Netflix-Doku "POLDI" zeigt Lukas Podolski wie nie zuvor – zwischen Familie und Fußball
Emma MayerNetflix-Doku "POLDI" zeigt Lukas Podolski wie nie zuvor – zwischen Familie und Fußball
Netflix-Dokumentation „POLDI“: Ein intimer Blick auf Lukas Podolski – jenseits des Fußballhelden
Eine neue Netflix-Dokumentation gewährt seltene Einblicke in das Leben von Lukas Podolski, dem ehemaligen Nationalspieler der deutschen Fußballmannschaft. In Köln als Kind polnischer Eltern geboren, ist Podolski seit Langem eine bekannte Größe im Sport. Aktuell spielt er für Górnik Zabrze in der höchsten polnischen Liga – doch im Film POLDI steht nicht die sportliche Karriere, sondern sein persönlicher Werdegang im Mittelpunkt. Und das ohne die übliche Heldenverehrung.
Die Doku POLDI bricht mit den Klischees klassischer Sportlerbiografien. Statt auf Titel und Tore konzentriert sie sich auf Podolskis Familienleben, seine Herausforderungen und Eigenheiten. Eine Szene zeigt seine Mutter, wie sie ihm ein Schnitzel in Margarine brät – eine kleine, aber aussagekräftige Anekdote aus seiner Kindheit.
Fußball bleibt die treibende Kraft in seinem Leben, selbst noch vor seiner Frau und den Kindern. Der Film thematisiert auch seine Schwierigkeiten mit dem Gedanken an das Karriereende – ein Problem, das viele Sportler kennen. Sein Vater erinnert sich an den Tag, als der junge Profi Podolski sich einen Audi kaufte: ein Symbol für seinen frühen Erfolg.
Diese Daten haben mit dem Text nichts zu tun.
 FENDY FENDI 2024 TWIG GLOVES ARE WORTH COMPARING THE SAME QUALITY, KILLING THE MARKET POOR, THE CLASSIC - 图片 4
Bekannt für seine bodenständige Art lebt Podolski nach dem Kölner Dialekt-Spruch „Et kütt, wie et kütt“ – sinngemäß: „Es wird schon irgendwie werden.“ Diese Lebenseinstellung prägt auch den lockeren und unterhaltsamen Ton der Dokumentation.
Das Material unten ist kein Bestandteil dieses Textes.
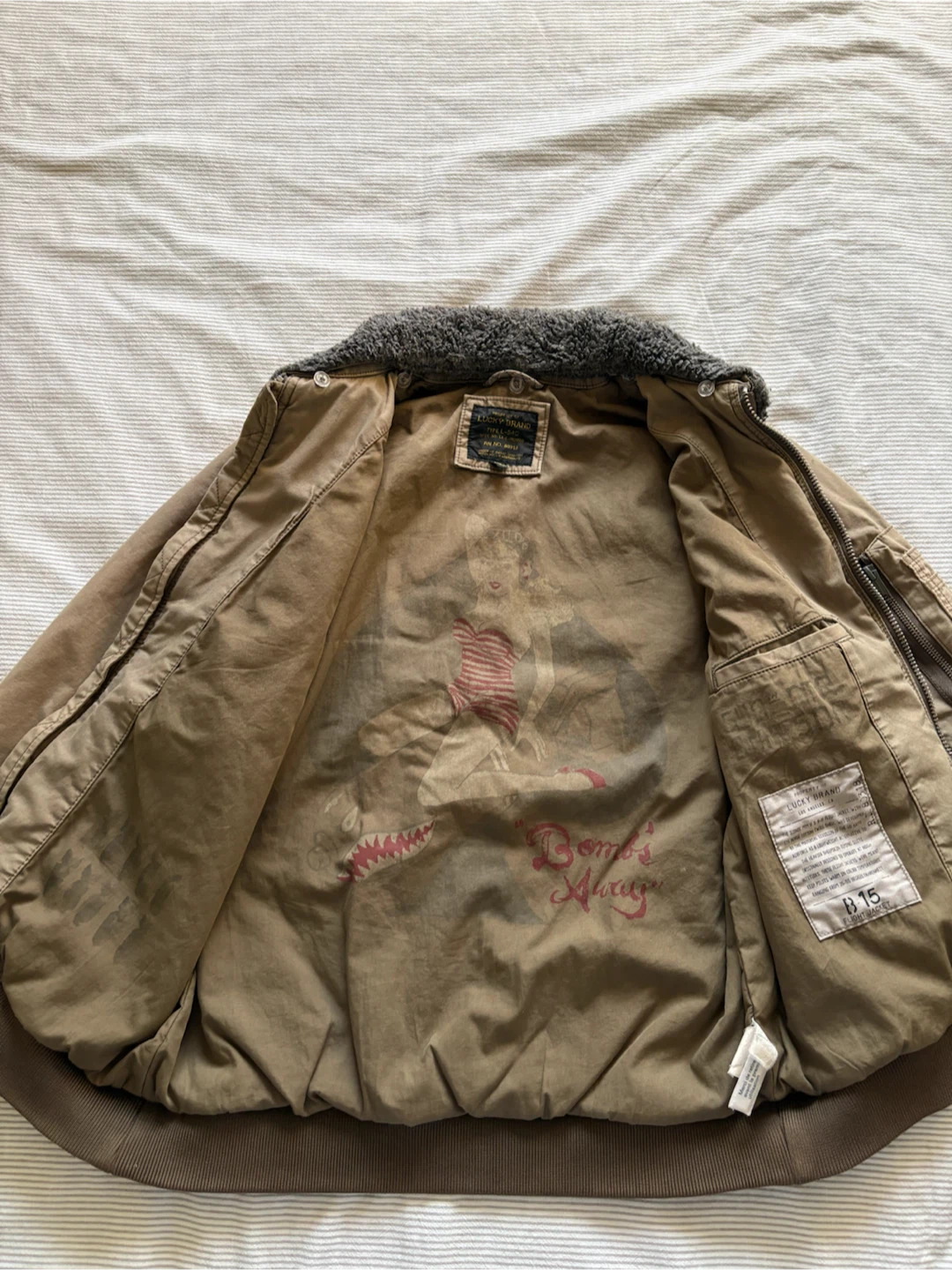 Vintage WWII replica bomber jacket by Lucky Brand - photo 2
Der Netflix-Film porträtiert Podolski als mehr als nur einen Fußballer. Er rückt seine polnischen Wurzeln, die familiären Bindungen und das Leben nach der aktiven Zeit in den Fokus. Während er derzeit noch für Górnik Zabrze aufläuft, bleibt er eine Persönlichkeit, die Karriere und Privatleben auf ihre ganz eigene Weise vereint.